Make an exact copy of the lines from the one containing "Maltipoo Puppy for Adoption" through the end of the material, including both ends but no pictures.

═══

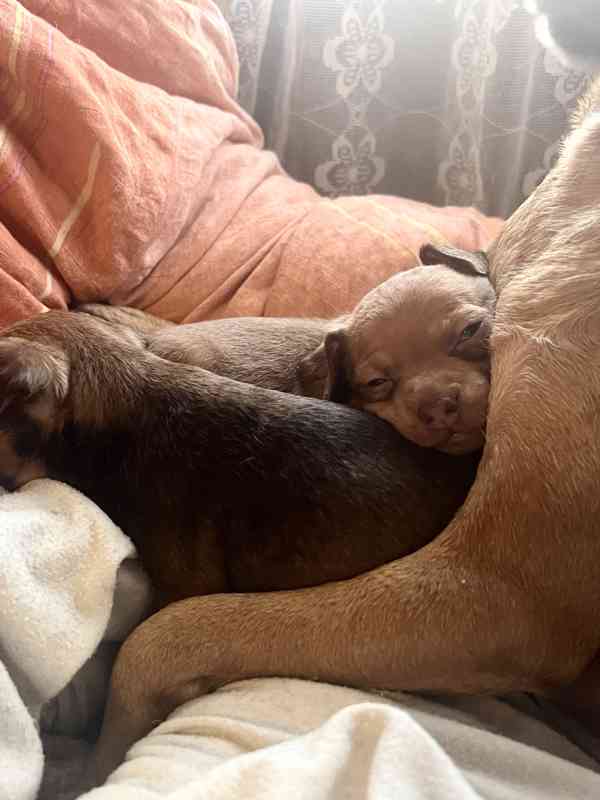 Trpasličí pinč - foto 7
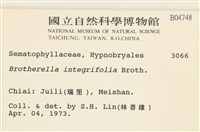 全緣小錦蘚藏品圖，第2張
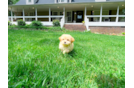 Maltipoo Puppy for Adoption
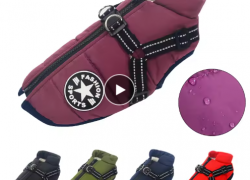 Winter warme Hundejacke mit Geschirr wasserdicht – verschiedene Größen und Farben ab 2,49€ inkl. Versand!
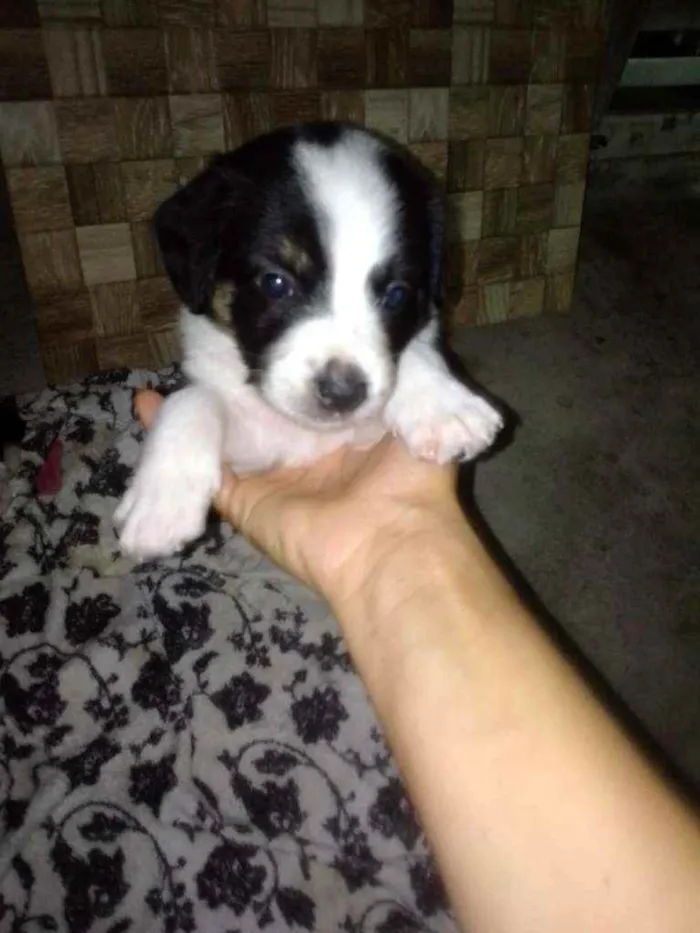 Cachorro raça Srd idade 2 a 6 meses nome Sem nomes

═══

**SOLUTION**
 Maltipoo Puppy for Adoption
 Winter warme Hundejacke mit Geschirr wasserdicht – verschiedene Größen und Farben ab 2,49€ inkl. Versand!
 Cachorro raça Srd idade 2 a 6 meses nome Sem nomes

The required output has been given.